An University of Illinois education researcher has found that online interaction in the context of teenagers has many benefits. And most often, these outweigh the potential dangers.
The study, conducted by Brendesha Tynes, a professor of educational psychology and of African American studies at Illinois, stated 'but we may do adolescents a disservice when we curtail their participation in these spaces, because the educational and psychosocial benefits of this type of communication can far outweigh the potential dangers.'
However, Tynes said that media reports warn of online predators, hate groups and other "digital dangers" lurking in online social spaces, and those dangers should not to be taken lightly.
She said that in online discussions, teenagers have the opportunity to develop critical thinking and argumentation skills.
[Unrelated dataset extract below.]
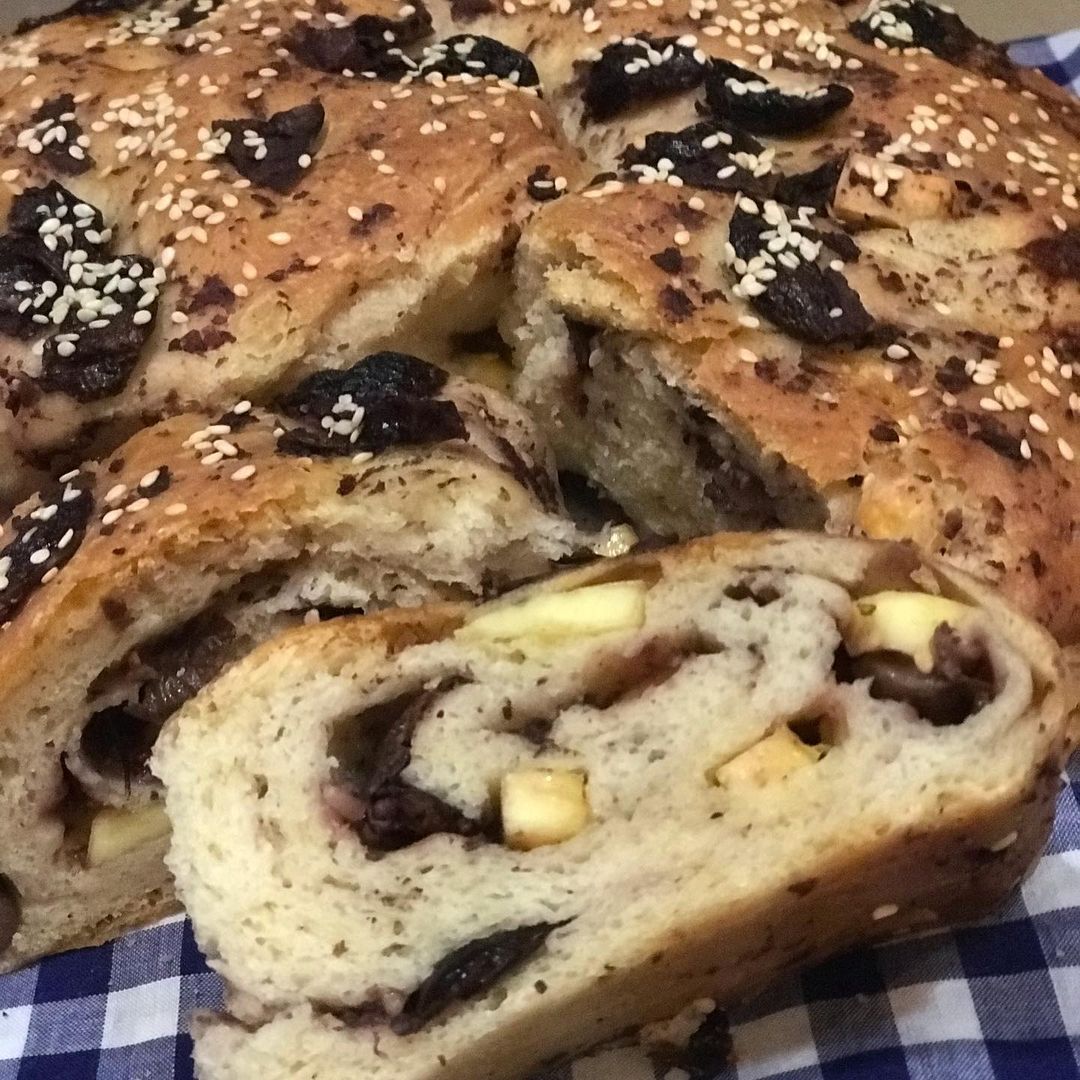 OLIVE HALLOUMI TWIST BREAD After years of trying to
They can find support from online peer groups, explore questions of identity, get help with homework, and ask questions about sensitive issues they might be afraid to ask face to face.
Through this type of communication, according to Tynes, teenagers can develop their skills in understanding issues from the perspective of others.
She said that in many circumstances, the same anonymity that parents and educators find so threatening about certain online sites and spaces was actually a benefit. In particular that can be true with issues involving races and ethnicities, which Tynes has found in her research to be "very much a common theme" in adolescents' online discussions.
In the study when Tynes focused on open-topic chat rooms, she found that race was mentioned in 38 of 39 discussions.
The analysis found that hate groups were online and proliferating. Added to that is the racial or ethnic insensitivity to be found routinely in many online conversations, Tynes said.
"That being said, I also think that there are myriad positive outcomes that are related to interracial interaction online," she said.
The researcher said that some teenagers who believe that racism no longer exists might readily find it in online discussions.
Some may go online and spread false information or make insensitive remarks, but find themselves challenged, she said.
"It's sort of like having training wheels for engaging in interracial discussions (offline)," Tynes said.
According to the researcher schools should encourage online discussion as a substitute for what is missing in hallways and classrooms.
"I think the Internet would be a perfect place to engage the racial issues that may not come up because of this re-segregation," she said.
Instead of trying to close down or closely monitor teenagers' access to social networking, chat rooms and discussion boards online, Tynes suggested, "the first line of defence should be teens themselves. Increasingly, tech-savvy adolescents are aware of the risks in online socializing and are developing their own strategies for staying safe in cyberspace."
She suggested that parents and educators should maintain an open and honest dialogue with teens about the dangers and potential benefits of the Internet to build on awareness about Internet.
Tynes also suggested that adults could help teens "develop an exit strategy" for use, when necessary, in certain online spaces.
"Teens should know how to warn or block persons who make them feel threatened and how to extract themselves from uncomfortable situations," she said.
The study will be issued in the Journal of Adolescent Research.